Moimet noted that the Kalenjin people initiated their boys annually around end of November and early December because the timing coincides with the longest school holidays.

“Depending on when schools close, the initiation dates vary around end of November to early December. During the period between initiation and graduation they live in seclusion,” said Moimet.

“The reputation, honour and international standing of what a Nandi, or a Kalenjin by extension, believes in is under assault. I consider it right that the community must seek court redress to protect the community’s name and restore our pride of place,” said Dr Cheison.
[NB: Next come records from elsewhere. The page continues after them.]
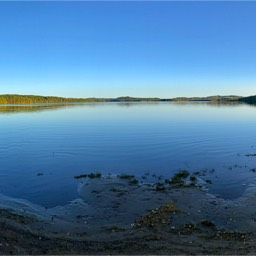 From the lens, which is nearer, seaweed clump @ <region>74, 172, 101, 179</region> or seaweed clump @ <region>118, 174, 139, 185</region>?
seaweed clump @ <region>118, 174, 139, 185</region>

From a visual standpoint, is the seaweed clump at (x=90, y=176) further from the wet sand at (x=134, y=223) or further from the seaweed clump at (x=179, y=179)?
the seaweed clump at (x=179, y=179)

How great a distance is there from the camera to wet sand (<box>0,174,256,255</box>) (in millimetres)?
12109

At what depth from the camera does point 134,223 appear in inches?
607

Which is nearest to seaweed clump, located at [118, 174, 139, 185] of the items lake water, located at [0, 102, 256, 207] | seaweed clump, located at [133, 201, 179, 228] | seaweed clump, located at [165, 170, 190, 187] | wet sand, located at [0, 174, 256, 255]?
wet sand, located at [0, 174, 256, 255]

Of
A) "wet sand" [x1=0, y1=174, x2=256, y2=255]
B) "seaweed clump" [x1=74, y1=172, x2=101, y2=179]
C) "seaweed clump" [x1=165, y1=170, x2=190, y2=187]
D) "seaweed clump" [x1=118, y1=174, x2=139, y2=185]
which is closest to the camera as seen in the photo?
"wet sand" [x1=0, y1=174, x2=256, y2=255]

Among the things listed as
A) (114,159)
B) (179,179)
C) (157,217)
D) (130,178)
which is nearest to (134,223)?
(157,217)

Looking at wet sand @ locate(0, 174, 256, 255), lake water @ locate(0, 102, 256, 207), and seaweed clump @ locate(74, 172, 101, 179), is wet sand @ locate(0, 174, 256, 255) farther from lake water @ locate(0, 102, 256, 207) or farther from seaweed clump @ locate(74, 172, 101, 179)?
seaweed clump @ locate(74, 172, 101, 179)

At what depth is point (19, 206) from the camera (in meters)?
18.7

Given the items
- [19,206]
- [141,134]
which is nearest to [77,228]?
[19,206]

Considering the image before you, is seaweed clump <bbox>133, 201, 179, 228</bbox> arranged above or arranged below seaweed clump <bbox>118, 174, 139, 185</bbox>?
below

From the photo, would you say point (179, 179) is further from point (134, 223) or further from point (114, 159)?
point (114, 159)

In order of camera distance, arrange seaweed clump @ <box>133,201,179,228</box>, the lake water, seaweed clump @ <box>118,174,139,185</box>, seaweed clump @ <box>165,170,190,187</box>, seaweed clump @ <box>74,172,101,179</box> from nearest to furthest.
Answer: seaweed clump @ <box>133,201,179,228</box>, seaweed clump @ <box>165,170,190,187</box>, the lake water, seaweed clump @ <box>118,174,139,185</box>, seaweed clump @ <box>74,172,101,179</box>

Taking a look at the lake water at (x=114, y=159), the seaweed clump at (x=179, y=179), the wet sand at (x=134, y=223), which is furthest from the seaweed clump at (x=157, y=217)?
the lake water at (x=114, y=159)

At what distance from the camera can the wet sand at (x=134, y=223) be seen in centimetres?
1211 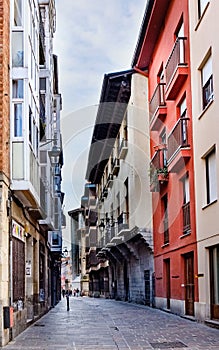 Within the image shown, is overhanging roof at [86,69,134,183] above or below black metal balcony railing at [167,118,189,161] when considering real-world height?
above

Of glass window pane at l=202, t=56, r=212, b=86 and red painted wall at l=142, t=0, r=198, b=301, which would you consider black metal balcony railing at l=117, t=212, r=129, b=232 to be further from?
glass window pane at l=202, t=56, r=212, b=86

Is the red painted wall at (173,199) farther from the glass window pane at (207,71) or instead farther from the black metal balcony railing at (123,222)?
the black metal balcony railing at (123,222)

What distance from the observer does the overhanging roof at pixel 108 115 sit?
3444 centimetres

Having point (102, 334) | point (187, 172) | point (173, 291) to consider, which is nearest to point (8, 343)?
point (102, 334)

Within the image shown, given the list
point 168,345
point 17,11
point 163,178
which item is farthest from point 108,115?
point 168,345

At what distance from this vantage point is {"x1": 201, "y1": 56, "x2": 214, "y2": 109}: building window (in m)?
18.8

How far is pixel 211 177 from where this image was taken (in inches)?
748

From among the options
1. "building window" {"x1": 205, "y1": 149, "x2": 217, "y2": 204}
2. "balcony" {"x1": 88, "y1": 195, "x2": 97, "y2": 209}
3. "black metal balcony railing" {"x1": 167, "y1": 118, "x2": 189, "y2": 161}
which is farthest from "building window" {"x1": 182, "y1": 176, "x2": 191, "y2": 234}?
"balcony" {"x1": 88, "y1": 195, "x2": 97, "y2": 209}

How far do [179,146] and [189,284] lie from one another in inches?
186

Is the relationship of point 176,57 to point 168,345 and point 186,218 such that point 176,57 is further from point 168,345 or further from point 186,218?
point 168,345

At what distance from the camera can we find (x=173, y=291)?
24.7 metres

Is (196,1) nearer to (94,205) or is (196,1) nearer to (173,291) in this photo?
(173,291)

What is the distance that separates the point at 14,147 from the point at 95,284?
55.0 metres

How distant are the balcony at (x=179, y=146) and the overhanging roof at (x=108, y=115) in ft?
30.6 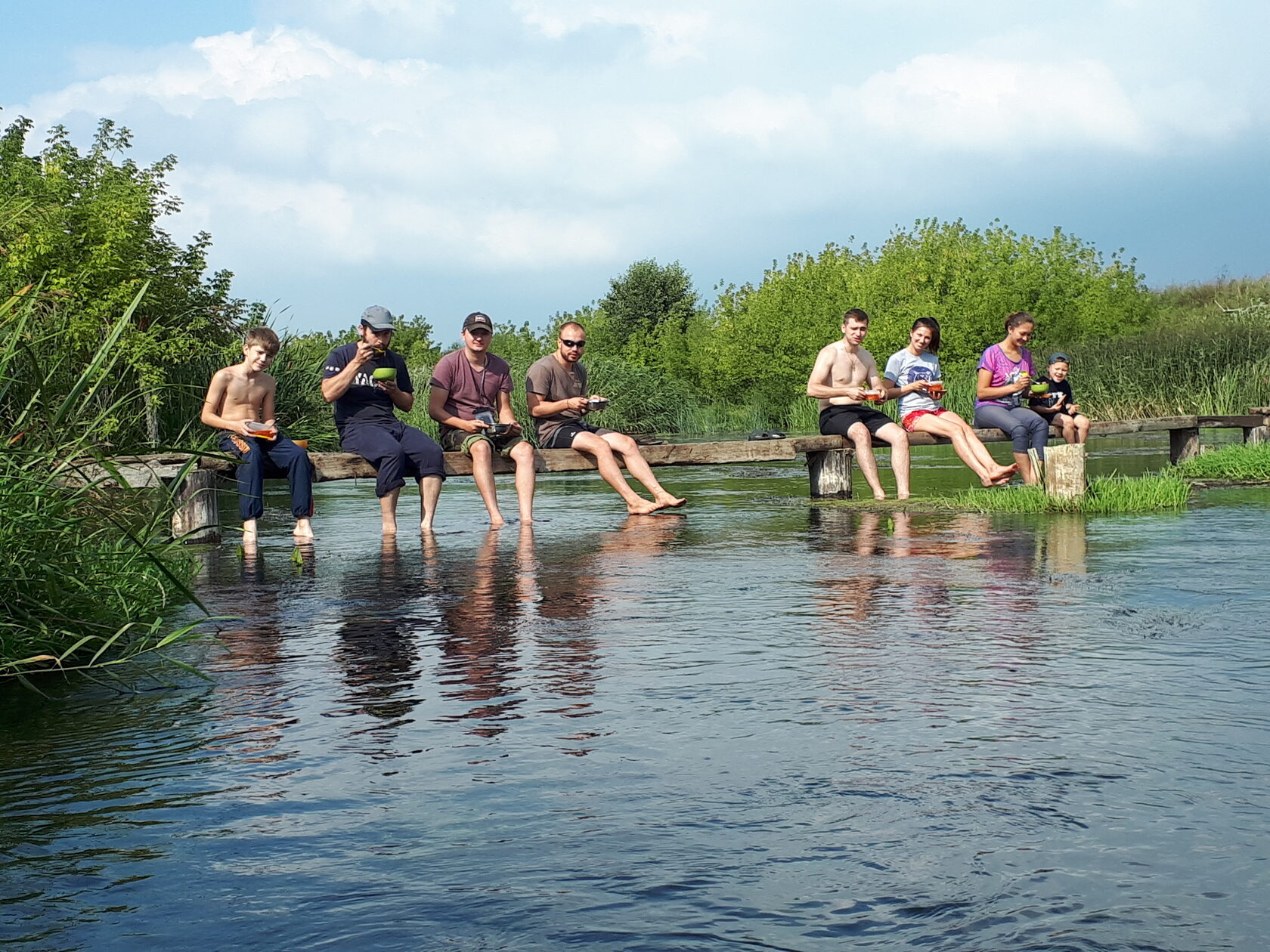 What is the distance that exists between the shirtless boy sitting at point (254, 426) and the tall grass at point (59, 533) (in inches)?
182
Already, a lobby group calling itself Kalenjin Young Professionals Forum has moved to the High Court in Eldoret and filed a case seeking to block the office of the prosecutor at the ICC from using video and other material showing Kalenjin traditional rites claiming that the use of the clip was an assault on age-old community traditions.

The group’s patron and a senior lecturer at Moi University, Dr Julius Bitok, told The Standard on Sunday that their lawyers had also written to the Pan African Court of Justice in Addis Ababa and the International Court of Justice in Geneva expressing displeasure with what they see as a condemnation of a community’s culture by the ICC.

He said the use of the clips and videos by the prosecution at the ICC would rob the Kalenjin of their rich culture and was an abomination. “The community is in great shock since the news broke out that our tradition has been unmasked, publicised and abused in this court,” said Dr Bitok.

Dr Bitok emphasised that it was mere coincidence that the post-poll violence broke out at the same time the Kalenjin youth were undergoing their annual rite of passage in secluded places.

“The clips, first of all, are an abomination. It is quite unethical to record and deliver reports that unmask what happens there and that brings us to the question of who recorded them,” he said.